2. With a Kurtosis of 2.328 we can say that the model predicts that the dependent variable skews narrower than a normal distribution. In other words, there is more data in the center of the distribution and less in the tails compared to a normal bell curve. A kurtosis of 3 would correspond to a model that was perfectly normally distributed.
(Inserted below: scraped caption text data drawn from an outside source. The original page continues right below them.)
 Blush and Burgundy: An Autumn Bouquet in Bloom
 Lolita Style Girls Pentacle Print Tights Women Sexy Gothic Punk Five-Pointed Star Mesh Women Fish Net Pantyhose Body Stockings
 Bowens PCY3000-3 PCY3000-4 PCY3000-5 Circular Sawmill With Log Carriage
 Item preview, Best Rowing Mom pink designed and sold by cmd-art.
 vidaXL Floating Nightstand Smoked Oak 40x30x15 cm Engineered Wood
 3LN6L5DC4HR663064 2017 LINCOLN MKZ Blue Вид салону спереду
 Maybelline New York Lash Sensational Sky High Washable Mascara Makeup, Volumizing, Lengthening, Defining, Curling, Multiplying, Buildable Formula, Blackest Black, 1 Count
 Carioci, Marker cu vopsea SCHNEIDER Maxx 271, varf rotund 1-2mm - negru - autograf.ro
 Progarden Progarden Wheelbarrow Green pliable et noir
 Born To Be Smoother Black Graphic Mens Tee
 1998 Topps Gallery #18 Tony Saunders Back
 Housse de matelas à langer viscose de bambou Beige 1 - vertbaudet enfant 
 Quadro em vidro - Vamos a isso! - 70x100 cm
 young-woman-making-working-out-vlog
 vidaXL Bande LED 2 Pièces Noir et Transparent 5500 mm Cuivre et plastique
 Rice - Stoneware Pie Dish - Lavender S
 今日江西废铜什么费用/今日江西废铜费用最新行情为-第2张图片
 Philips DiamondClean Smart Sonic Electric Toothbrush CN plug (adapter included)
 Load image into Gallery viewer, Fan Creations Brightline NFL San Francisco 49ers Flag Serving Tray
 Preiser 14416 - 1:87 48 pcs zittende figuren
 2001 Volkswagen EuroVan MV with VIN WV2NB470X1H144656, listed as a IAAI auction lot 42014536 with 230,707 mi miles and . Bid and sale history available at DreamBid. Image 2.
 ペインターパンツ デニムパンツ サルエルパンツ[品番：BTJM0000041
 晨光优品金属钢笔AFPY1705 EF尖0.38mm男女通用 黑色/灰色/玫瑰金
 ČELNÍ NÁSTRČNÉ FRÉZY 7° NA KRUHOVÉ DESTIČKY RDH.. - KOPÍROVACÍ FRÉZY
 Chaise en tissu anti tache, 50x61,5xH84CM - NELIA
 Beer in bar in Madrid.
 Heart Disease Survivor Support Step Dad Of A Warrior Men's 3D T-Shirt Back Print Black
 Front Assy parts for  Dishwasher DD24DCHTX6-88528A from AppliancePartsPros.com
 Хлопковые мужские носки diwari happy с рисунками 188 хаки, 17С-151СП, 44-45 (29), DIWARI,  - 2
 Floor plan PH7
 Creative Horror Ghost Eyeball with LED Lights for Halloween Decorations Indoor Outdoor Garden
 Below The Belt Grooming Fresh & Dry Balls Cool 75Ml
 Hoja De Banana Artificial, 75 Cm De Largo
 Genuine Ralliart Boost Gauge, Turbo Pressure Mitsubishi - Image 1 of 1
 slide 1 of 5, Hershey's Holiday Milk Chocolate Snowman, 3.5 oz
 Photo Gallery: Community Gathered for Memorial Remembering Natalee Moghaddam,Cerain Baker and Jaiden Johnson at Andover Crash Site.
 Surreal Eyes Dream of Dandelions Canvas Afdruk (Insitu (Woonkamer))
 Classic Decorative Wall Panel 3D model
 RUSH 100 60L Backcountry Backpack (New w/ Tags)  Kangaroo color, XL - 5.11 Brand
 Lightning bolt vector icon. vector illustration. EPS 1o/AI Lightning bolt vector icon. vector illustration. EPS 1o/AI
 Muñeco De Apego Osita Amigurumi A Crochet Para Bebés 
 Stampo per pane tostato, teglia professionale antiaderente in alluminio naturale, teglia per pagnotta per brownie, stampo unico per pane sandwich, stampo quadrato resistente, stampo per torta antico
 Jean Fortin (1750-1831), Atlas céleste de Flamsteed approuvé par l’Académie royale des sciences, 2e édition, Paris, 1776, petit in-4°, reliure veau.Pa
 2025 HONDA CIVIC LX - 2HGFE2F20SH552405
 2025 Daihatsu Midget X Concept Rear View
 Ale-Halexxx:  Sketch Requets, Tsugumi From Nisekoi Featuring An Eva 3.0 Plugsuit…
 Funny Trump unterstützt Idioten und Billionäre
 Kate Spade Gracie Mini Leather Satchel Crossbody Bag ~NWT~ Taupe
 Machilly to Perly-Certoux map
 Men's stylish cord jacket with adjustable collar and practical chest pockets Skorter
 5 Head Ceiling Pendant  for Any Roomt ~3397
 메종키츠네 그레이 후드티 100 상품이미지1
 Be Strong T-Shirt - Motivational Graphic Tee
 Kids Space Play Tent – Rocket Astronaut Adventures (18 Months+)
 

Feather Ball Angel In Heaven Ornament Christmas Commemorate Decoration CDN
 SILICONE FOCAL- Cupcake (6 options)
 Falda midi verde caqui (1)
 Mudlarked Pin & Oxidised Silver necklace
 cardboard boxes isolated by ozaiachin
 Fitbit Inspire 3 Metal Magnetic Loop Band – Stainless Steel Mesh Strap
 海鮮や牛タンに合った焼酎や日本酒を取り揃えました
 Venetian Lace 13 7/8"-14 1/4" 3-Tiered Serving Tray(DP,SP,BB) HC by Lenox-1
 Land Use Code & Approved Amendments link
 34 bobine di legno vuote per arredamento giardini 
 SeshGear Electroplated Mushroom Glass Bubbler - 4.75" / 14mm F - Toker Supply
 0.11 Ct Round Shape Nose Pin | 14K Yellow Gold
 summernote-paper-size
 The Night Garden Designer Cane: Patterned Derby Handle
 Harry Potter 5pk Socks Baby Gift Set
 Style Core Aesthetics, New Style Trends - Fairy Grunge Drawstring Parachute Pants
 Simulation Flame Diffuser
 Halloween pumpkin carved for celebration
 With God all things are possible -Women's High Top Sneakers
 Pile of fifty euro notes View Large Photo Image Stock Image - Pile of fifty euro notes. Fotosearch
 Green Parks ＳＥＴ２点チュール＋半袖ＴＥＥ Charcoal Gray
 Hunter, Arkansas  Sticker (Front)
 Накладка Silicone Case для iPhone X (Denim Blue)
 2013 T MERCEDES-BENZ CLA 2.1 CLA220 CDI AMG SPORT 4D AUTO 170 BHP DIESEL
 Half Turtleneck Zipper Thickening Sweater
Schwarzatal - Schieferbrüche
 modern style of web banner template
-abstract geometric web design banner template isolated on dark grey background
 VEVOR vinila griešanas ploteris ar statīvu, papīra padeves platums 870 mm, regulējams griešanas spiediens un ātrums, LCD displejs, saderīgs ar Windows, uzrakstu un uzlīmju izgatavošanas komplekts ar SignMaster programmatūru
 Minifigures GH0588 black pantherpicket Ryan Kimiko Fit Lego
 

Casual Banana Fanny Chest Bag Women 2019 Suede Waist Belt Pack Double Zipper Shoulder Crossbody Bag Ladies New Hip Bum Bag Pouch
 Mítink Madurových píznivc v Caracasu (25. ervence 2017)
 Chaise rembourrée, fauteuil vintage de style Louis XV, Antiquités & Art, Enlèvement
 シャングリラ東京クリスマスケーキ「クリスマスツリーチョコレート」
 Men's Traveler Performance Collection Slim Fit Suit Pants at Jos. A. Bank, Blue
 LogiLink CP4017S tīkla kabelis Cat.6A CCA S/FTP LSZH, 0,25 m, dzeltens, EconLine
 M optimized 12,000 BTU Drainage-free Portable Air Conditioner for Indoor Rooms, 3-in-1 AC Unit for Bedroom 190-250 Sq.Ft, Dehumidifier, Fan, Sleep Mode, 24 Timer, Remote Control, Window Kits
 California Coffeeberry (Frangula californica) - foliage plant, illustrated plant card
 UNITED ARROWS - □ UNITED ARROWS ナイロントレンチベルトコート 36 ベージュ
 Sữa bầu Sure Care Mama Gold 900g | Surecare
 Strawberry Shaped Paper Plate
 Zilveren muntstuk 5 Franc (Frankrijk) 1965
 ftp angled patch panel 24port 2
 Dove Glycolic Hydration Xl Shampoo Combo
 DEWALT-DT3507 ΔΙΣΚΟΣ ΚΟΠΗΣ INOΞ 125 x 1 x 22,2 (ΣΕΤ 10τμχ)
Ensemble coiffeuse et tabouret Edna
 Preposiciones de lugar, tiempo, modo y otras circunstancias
3. Perhaps most importantly, if we take the standard P-value of .05, the variables that are statistically significant in our dataset are ZN, INDUS, TAX, and LSTAT. In casual terms, we can say with at least 95% confidence that the value of a home tends to increase if the proportion of residential land zoned for lots over 25,000 sq.ft is higher, if the proportion of non-retail business acres per town is higher, if the full-value property-tax rate per /$10,000 is higher, and if the percent of the population of lower economic status is smaller.

#### SK Learn approach

In [7]:
from sklearn import linear_model

In [8]:
x = features
y = target['MEDV']

In [9]:
lm = linear_model.LinearRegression()
model = lm.fit(x,y)

In [10]:
predictions = lm.predict(x)
print(predictions[0:5])

[1.76 2.25 3.64 3.64 3.75]


In [11]:
lm.score(x,y)

1.0

In [12]:
lm.coef_

array([ 4.60699727e-17,  1.56036045e-16,  1.00000000e+00, -2.18657100e-15,
       -4.59987494e-15,  3.13750969e-16,  1.19314068e-16,  1.05284705e-16,
        5.72244261e-16, -3.31528873e-16,  1.37519559e-17,  3.54328888e-16,
       -8.07660030e-17])

In [13]:
lm.intercept_

1.1368683772161603e-13

### The SKlearn approach is a little more basic than the Stats Models approach. It can provide an R squared value, coefficients, and intercepts out-of-the-box. However it is lacking when it comes to providing information such as the shape of the data (Kurtosis) as well as confidence intervals, which are crucial to evaluating the model. One redeeming feature is the ability to observe individual predictions for each data point.